Downtown he saw streetlights to rival those in Chicago, saw sparkling black buggies and surreys, and women in picture hats and wide evening smiles. Shop windows were filled with all the latest items. When he saw the jeweler’s he thought of Beth. How she loved to look at jewelry.
On the corner of a dark street he found a hotel named the Breds-ford Arms. It was new and had three floors; quick white boys carried your bags and made irritating small talk as they preceded you up to your room.
His boy, who was maybe eighteen, kept looking at him all the way up the stairs to the second floor. Finally, he said, “Excuse me, mister, but you sure do look familiar.”
“I do, huh?”
“Yessir.” The boy, obviously observant, took note of Rittenauer’s gaze. “I hope I’m not making you mad, sir.”
“No, son, you’re not. But if you don’t turn around and watch where you’re going, you’re going to trip on one of those stairs and break your goddamned neck.”
The boy grinned. “Yessir.”
They reached the second floor.
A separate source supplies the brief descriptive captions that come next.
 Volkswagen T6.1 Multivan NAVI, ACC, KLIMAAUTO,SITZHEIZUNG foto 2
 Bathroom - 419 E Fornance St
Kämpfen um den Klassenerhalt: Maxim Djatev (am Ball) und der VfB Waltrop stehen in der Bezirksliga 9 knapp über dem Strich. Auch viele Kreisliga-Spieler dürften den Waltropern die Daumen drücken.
The narrow hallway smelled of shaving soap and cigar smoke and, more faintly, of sweet perfume.
The bed was soft but not too soft and the window overlooking the street below was small but not too small. How Rittenauer loved to look out windows.
The boy set Rittenauer’s leather bag down on the bed and said, “Ben Rittenauer.”
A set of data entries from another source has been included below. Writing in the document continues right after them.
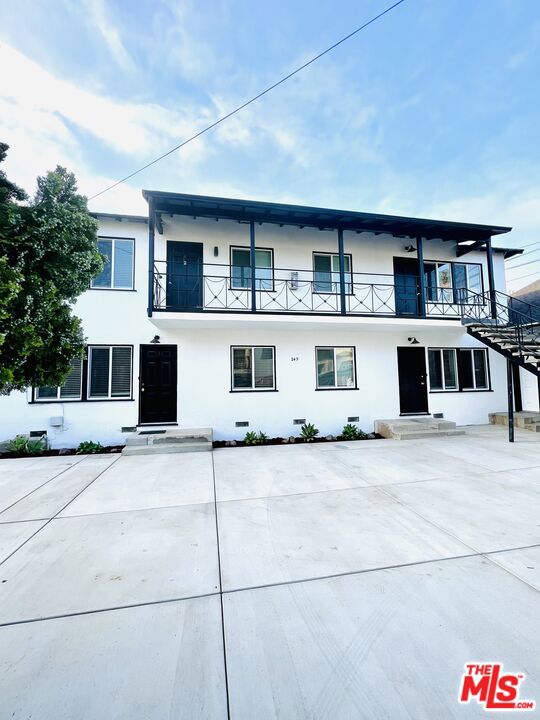 MLS# 23281953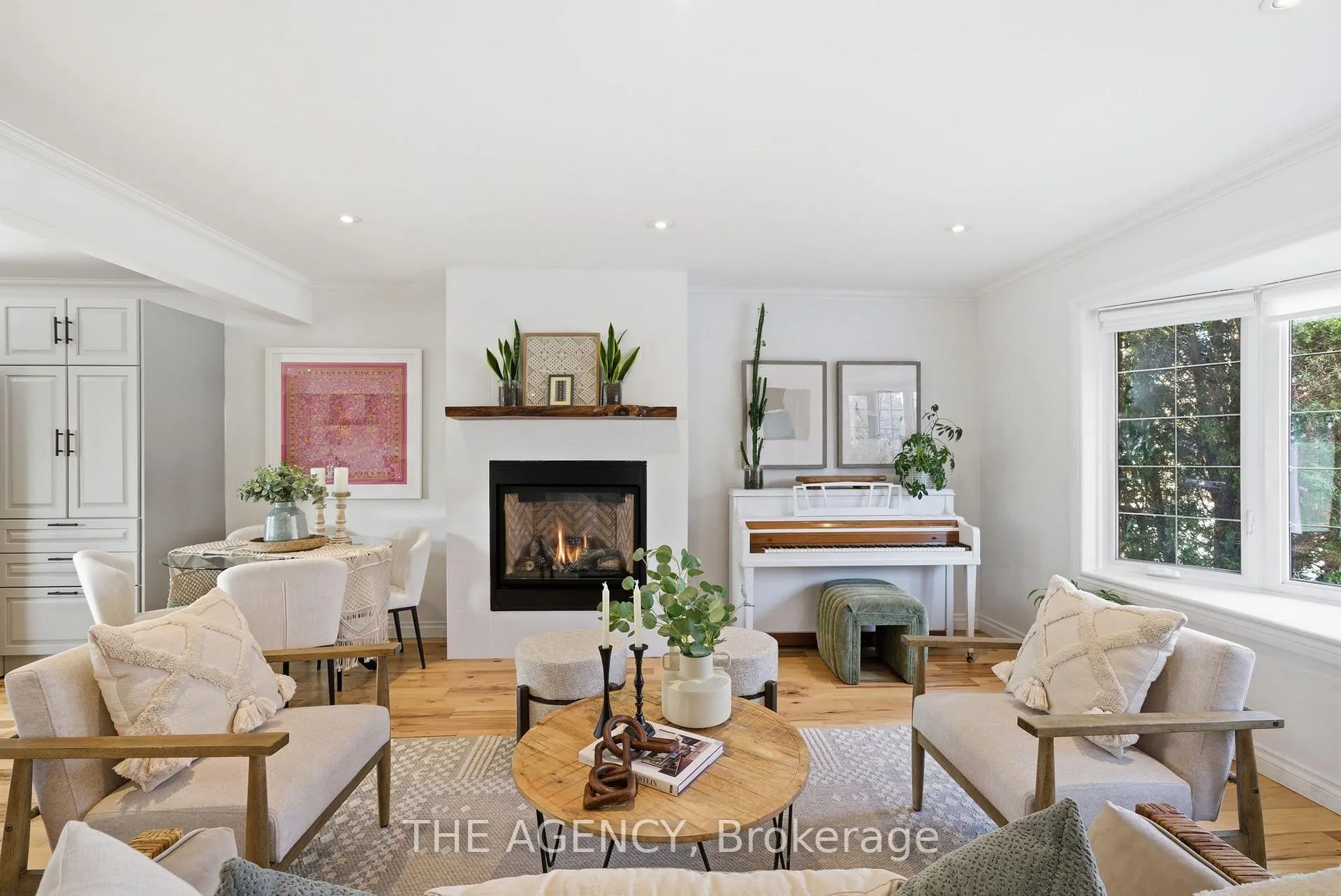 Photo 8 of 118 Applewood Crescent, Whitby, Blue Grass Meadows — HOMEH
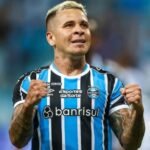 ¿Soteldo dejará Gremio? Un grande de Argentina se interesa en el venezolano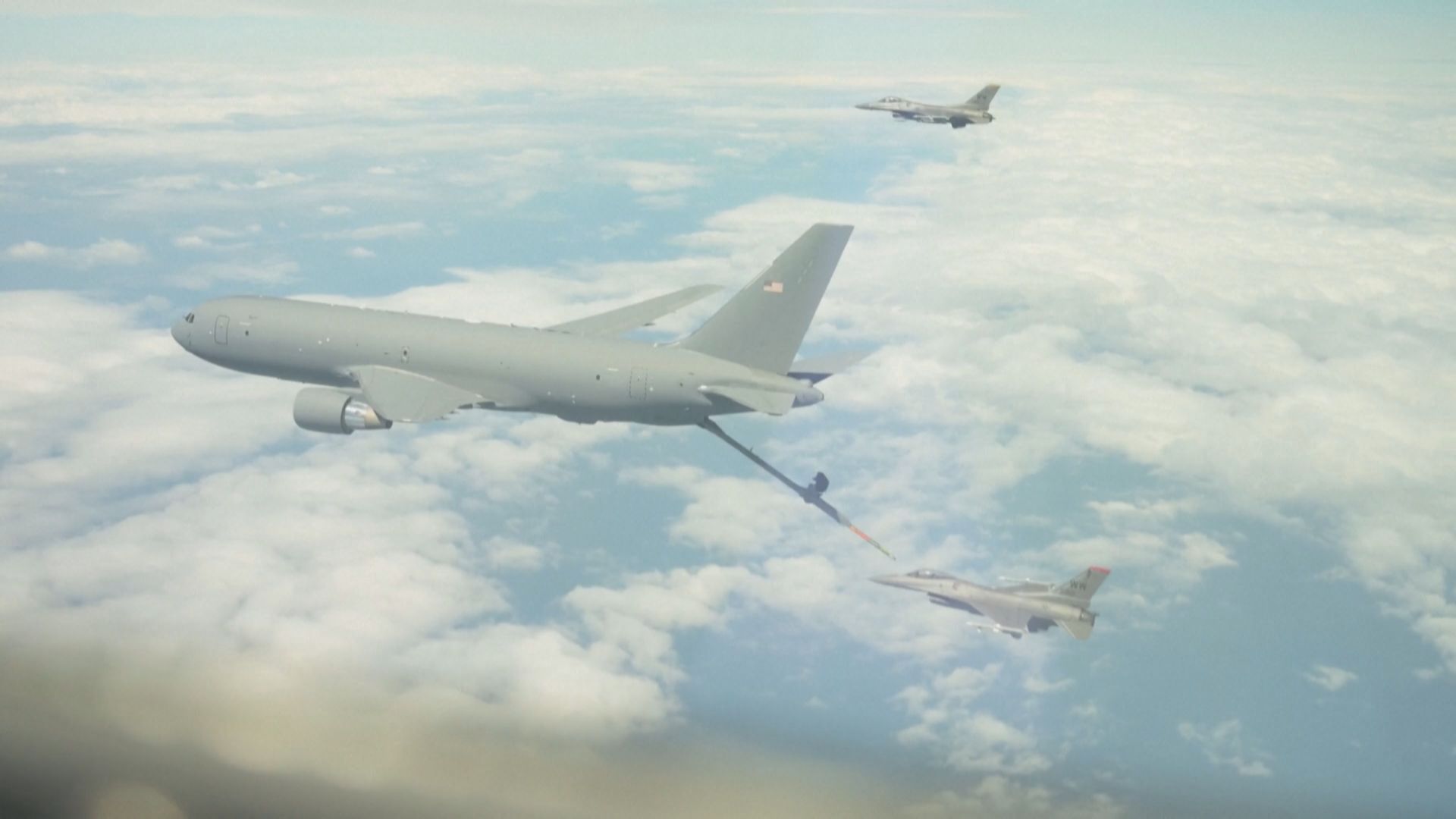 美軍"午夜鐵鎚"欺敵 B-2戰機奇襲伊朗核設施。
Rittenauer sighed. “Do you win some sort of prize now?”
“Sir?”
“For guessing my name right.”
The boy’s face got red. “I didn’t mean to make you mad, sir.”
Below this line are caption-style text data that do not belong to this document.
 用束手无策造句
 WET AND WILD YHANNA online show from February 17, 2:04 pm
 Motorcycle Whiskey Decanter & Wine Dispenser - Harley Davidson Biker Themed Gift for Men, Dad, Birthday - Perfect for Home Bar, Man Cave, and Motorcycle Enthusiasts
Rittenauer sighed again shaking his head, and went over to the window. He stared down at the street. “Do whatever you do, kid, and then get the hell out of here.”
“Yessir.”
Rittenauer had shot three men in fair fights before he was thirty-two years old. This had made him, in a small part of the country, a “personage,” as journalists liked to say. But Rittenauer was tired of being a personage and tired of all the goddamn kids like this one who were stupid enough to believe that Rittenauer was somebody special.
All he wanted was Beth back, and to take care of Frank Evans.
“I didn’t mean anything by that, sir.”
“I know, son. I shouldn’t have snapped at you like that.” He turned around and flipped the kid a shiny quarter. “Where can you get a good meal in this town?”
“The Ames House. Real good chops and steaks.”
“Fine. Thank you.”
“You be needing anything else, sir?”
“No. Nothing.”
The kid paused. “You ever give autographs, Mr. Rittenauer?”
“No, son, I don’t.”
“Oh.” The kid looked even younger and dumber, in his band-leader jacket and his vastly disappointed small-town frown. “I see.”
Rittenauer turned back to the window.
The kid left.
* * *
Sometimes he imagined he could hear the ghosts of the room. All the traveling salesmen, all the happy and unhappy married couples, all the lonely young men and lonely young women. He could hear prayers and curses and laughter and tears, all in the pretty papered walls of this room.
He lay on the bed now, resting from the train journey, wondering just how many such rooms he’d been in since Beth had left him a year ago?
Ben Rittenauer had looked for her everywhere. He took every tip, every suggestion, every “logical deduction,” and followed it down.
And always it led him to a room like this, where he would lay on the bed and hear vague voices rumbling in the rooms on either side of him, and where he could hear the ghosts of roomers past on the dusty air.
Finally, he slept. Not long or well but enough to make him feel a little better when he woke up.
He stripped down to his pants and then took the wash bowl on the bureau and carried it down to the bathroom to get fresh water. He brought it back, shaved and washed under his arms, and put on some of the stuff Beth had bought him. He slapped it on; it stung and felt good at the same time. And certainly it smelled good.
He went over to the bed and put on his shirt and his gun and his jacket. And then he went out into the waiting night.